Schmitt's argument is a sustained critique of liberal political theory. Liberalism, in his account, tries to dissolve the political by converting every conflict into either an economic negotiation or a moral debate. Trade will make wars unnecessary; reasonable discussion will resolve disagreements. Schmitt's objection is that this denies the reality of the friend-enemy distinction without eliminating it. Real political conflicts don't become negotiations just because we'd prefer them to. Trying to treat them as if they do is not pacification — it is evasion that leaves the state unable to act at the moment when acting is most necessary.
The book's most controversial implication is the concept of sovereignty: the sovereign is the one who decides the exception. In normal times, legal rules govern everything. But in a genuine emergency — Schmitt's "state of exception" — the normal legal order is suspended by whoever has the power to suspend it, and that person or body is the real sovereign regardless of what the constitutional documents say. This argument was developed most fully in Schmitt's earlier Politische Theologie, but it underlies The Concept of the Political as well.

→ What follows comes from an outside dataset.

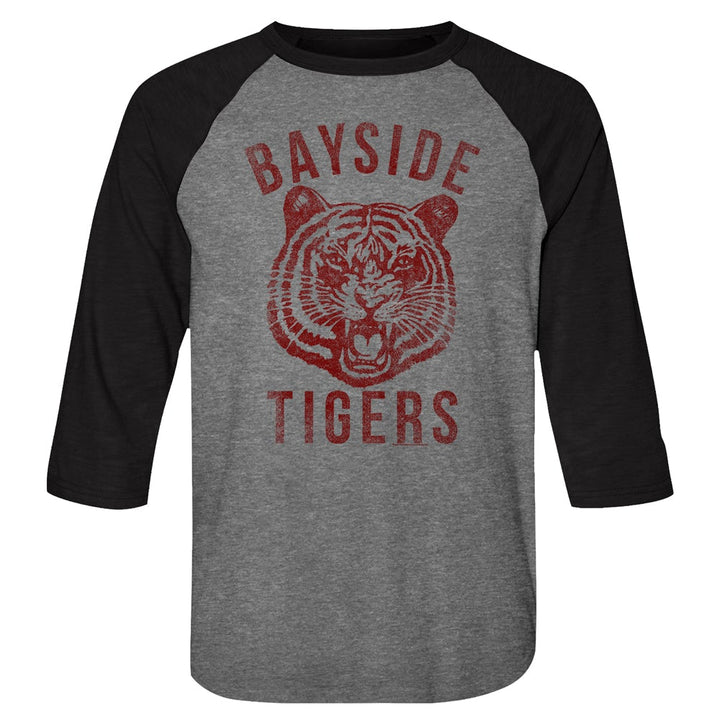 Saved By The Bell Bayside Baseball Shirt - HYPER iCONiC.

Reading Schmitt requires confronting his biography. He joined the Nazi Party in 1933 and provided intellectual justification for the regime's actions until he was edged out by SS rivals in 1936. This history is inseparable from his work: his critique of liberal parliamentarism and his theory of sovereignty were tools that could be — and were — used to justify authoritarian power. The arguments themselves are analytically sharp and widely influential. Walter Benjamin, Hannah Arendt, Jacques Derrida, Giorgio Agamben, and Chantal Mouffe have all engaged seriously with them. Reading Schmitt without engaging his politics is naive; dismissing him because of his politics means missing arguments that have had, and continue to have, enormous influence on how political situations are analyzed and acted on.
The big ideas
- 1.
The political is defined by the friend-enemy distinction. Political conflicts are those intense enough that the parties see each other as existential threats, not mere competitors.
- 2.
Schmitt's critique of liberalism is that it tries to convert political conflicts into economic or moral disputes, denying their specifically political character rather than managing it.
- 3.
The sovereign is whoever decides the exception — whoever has the actual power to suspend the normal legal order when they determine an emergency requires it.